5. **Run unit tests** (`pytest tests/test_genai.py`). The `_load_json_attribute` validator runs the new schemas against every emitted message payload — any breaking shape change surfaces here.
6. **Skim the semconv changelog** for these specific risks (each one usually requires a code change in `_genai_conversion.py`):
   - New required fields on `ChatMessage` / `OutputMessage` parts (`TextPart`, `ToolCallRequestPart`, etc.) → builder functions need to populate them.
   - New `Role` enum values → `_normalize_message_role` may need a mapping.
   - New `FinishReason` enum values → `_normalize_finish_reason` may need a mapping.
   - Added `gen_ai.*` registry attrs → opportunity for new dual-write mappings; re-run the harness and look at the "Missing registry attributes" summary.
   - Removed / renamed `gen_ai.*` attrs → drop from `_genai_attributes.py` and stop emitting in `_genai_conversion.py`.
7. **Refresh inline version refs**: the semconv-version mentions in [test_genai.py](../../python/openinference-instrumentation/tests/test_genai.py) (schema-source comment), [README.md](../../python/openinference-instrumentation/scripts/conformance/README.md) (caveats section, includes Weaver version too), and [_genai_conversion.py](../../python/openinference-instrumentation/src/openinference/instrumentation/_genai_conversion.py) (the encoding comment inside `get_genai_message_attributes`).
8. **Re-run the conformance harness** end-to-end; verify no `gen_ai.*` attribute regressed and no genuine shape errors appear in `results/live_check.json` (advice with `id != "missing_attribute"`).

## Gotchas

- **PEP 723 inline-table line length**: `[tool.uv.sources.<pkg>] { path = "...", editable = true }` on one line easily exceeds 100 chars and trips ruff E501. Use the multi-section form (`[tool.uv.sources.<pkg>]\npath = "..."\neditable = true`).
- **The conformance dir is excluded from package-level checks**: `pyproject.toml` excludes `scripts/*` from mypy and `scripts` from pytest's `norecursedirs`. ruff still lints it. Don't add Python imports that mypy/pytest can't resolve in the lint env (e.g. provider SDKs) outside this directory.
- **Weaver inactivity timeout** is 90s. First-run uv installs of OpenTelemetry/OpenAI/Google SDKs can take a while — `run.py` prewarms each provider env via `--prewarm` early-exit before starting Weaver.
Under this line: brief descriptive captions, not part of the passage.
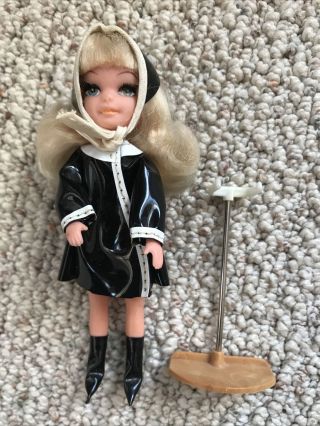 Vintage Uneeda Tiny Teens Doll 1967 Platinum Raincoat,  Boots,  Hat,  Stand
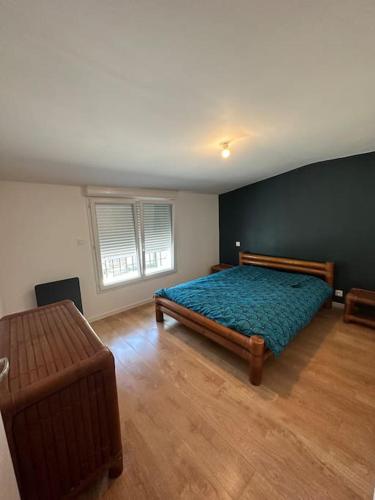 une chambre avec un lit et un canapé dans l'établissement Maison au calme, à Sauveterre-de-Guyenne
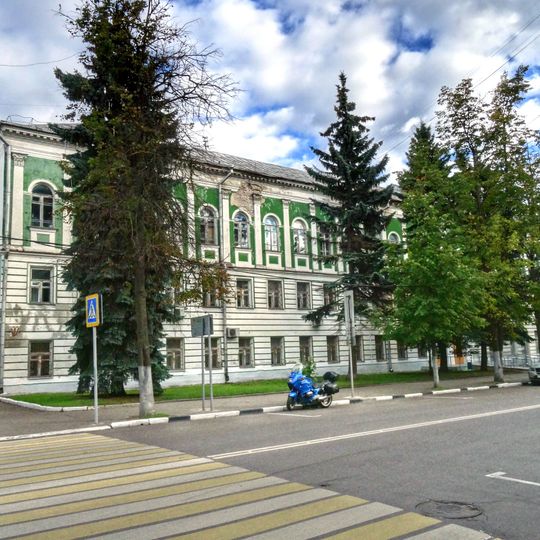 Здание научной библиотеки Тверского госуниверситета с фрагментами общественных зданий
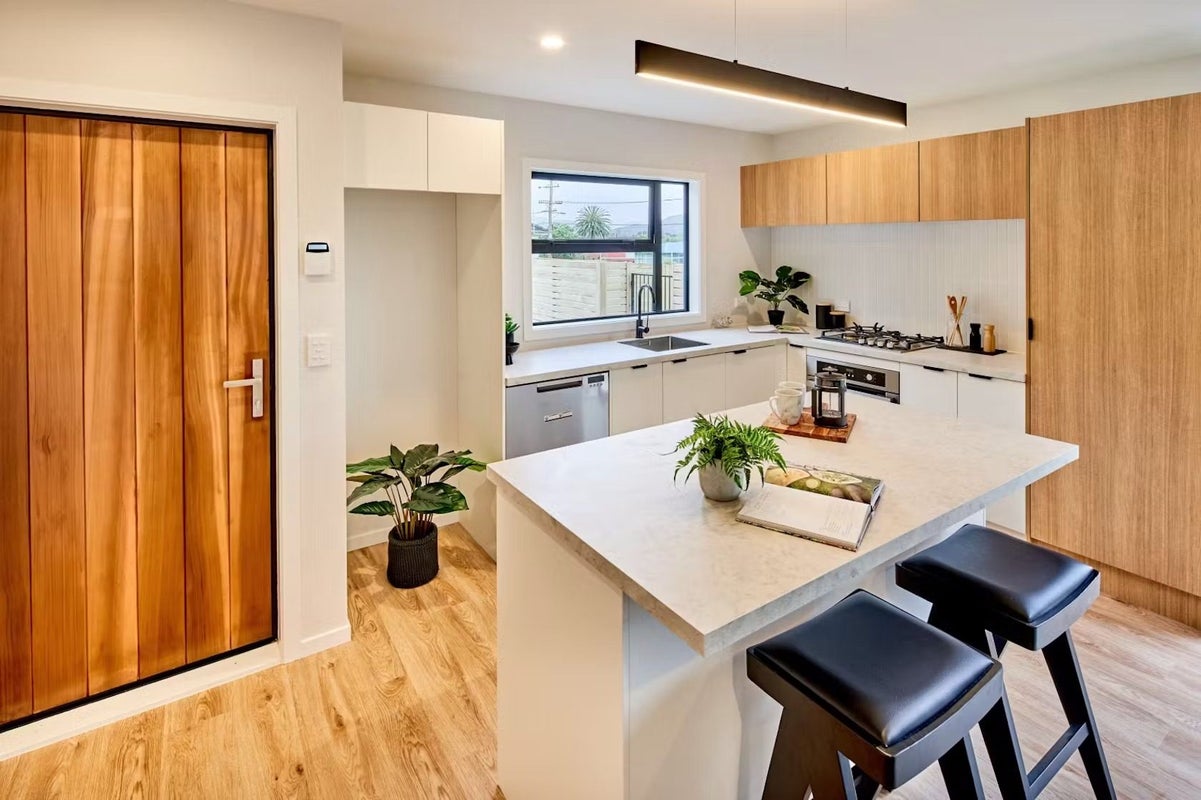 1/24 Bull Avenue, Wainuiomata, Lower Hutt - Carousel 2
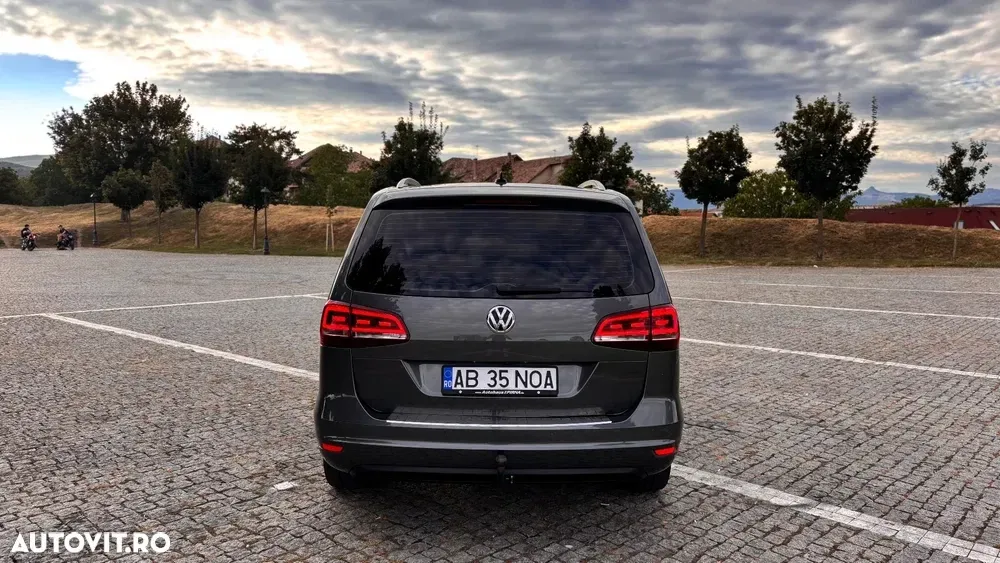 Volkswagen Sharan II 2.0 TDI DSG 4MOTION Highline — imagine 6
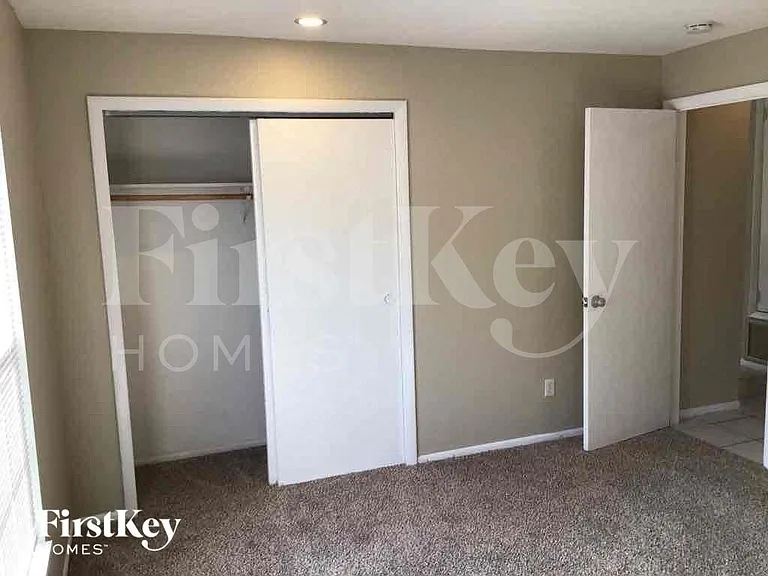 613 Brittany Ct — Photo 12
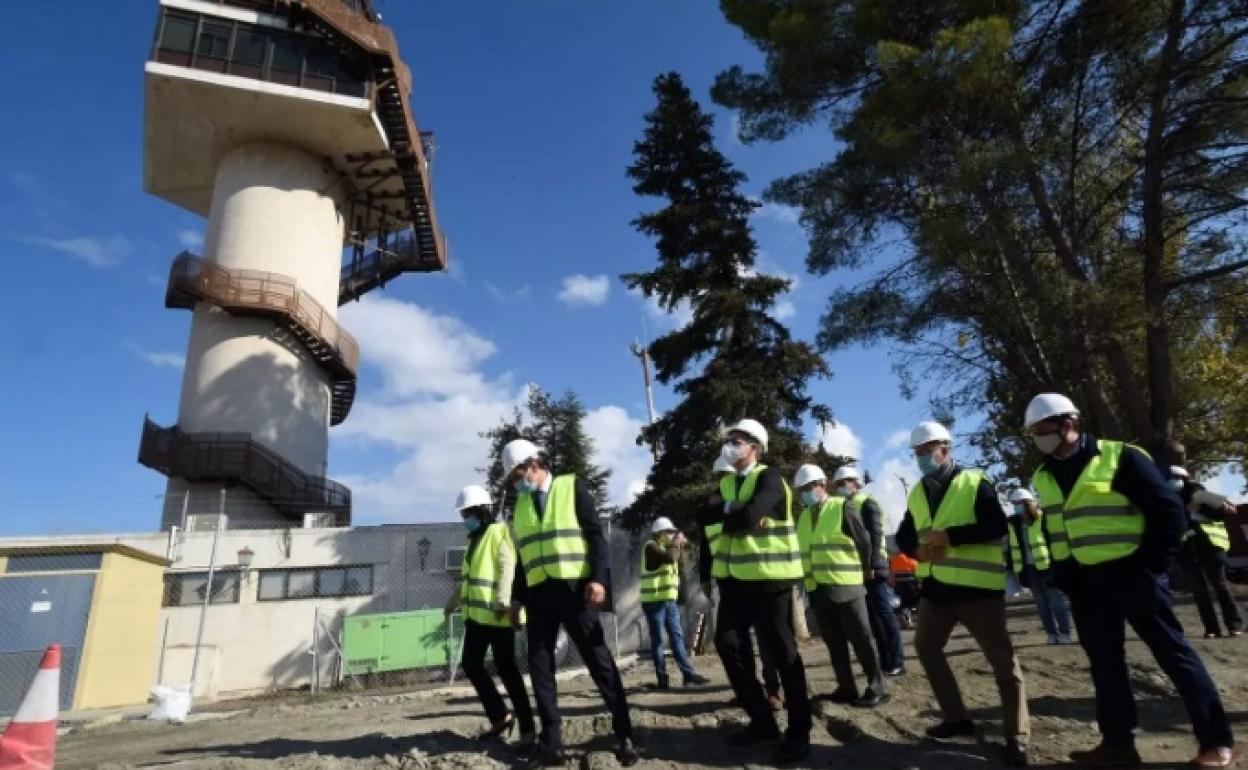Visita a las obras de ampliación del aeropuerto Federico García Lorc.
If you add a new provider script, give it a `--prewarm` early-exit too.
- **Single mock server** for all providers: one Flask app handles `/v1/messages` (Anthropic), `/v1/chat/completions` + `/v1/embeddings` + `/v1/responses` (OpenAI), and `/v1beta/models/<path:model>` (Google). Each endpoint discriminates between text and tool variants by checking `body.get("tools")`.
- **Editable installs are mandatory**: PyPI versions of `openinference-instrumentation` and the per-provider packages won't have in-progress dual-write changes. The `[tool.uv.sources]` blocks in each `<provider>_conformance.py` pin the local repo paths.
- **System messages stay in `gen_ai.input.messages`.** The dual-write does not emit `gen_ai.system_instructions`; system instructions are assumed to flow through as a system-role entry in `LLM_INPUT_MESSAGES`. The `gen_ai.input.messages` JSON schema explicitly admits `"system"` as a valid role.
- **`tool_call` (singular) finish_reason** — the conversion normalizes both `tool_calls` (OpenAI plural) and `function_call` (legacy) to `"tool_call"`. The OTel registry doesn't constrain values for `gen_ai.response.finish_reasons`, but OTel's conventional value is plural `tool_calls`. If you change the normalization target, update the asserting tests in `test_genai.py` too.
- **Don't conflate violations with shape errors**: the headline "violation: N" counts `missing_attribute` advice on OI native attrs (expected) plus any genuine shape mismatches on `gen_ai.*` attrs (real bugs). To find genuine shape errors, parse `results/live_check.json` and look at advice with `id != "missing_attribute"`.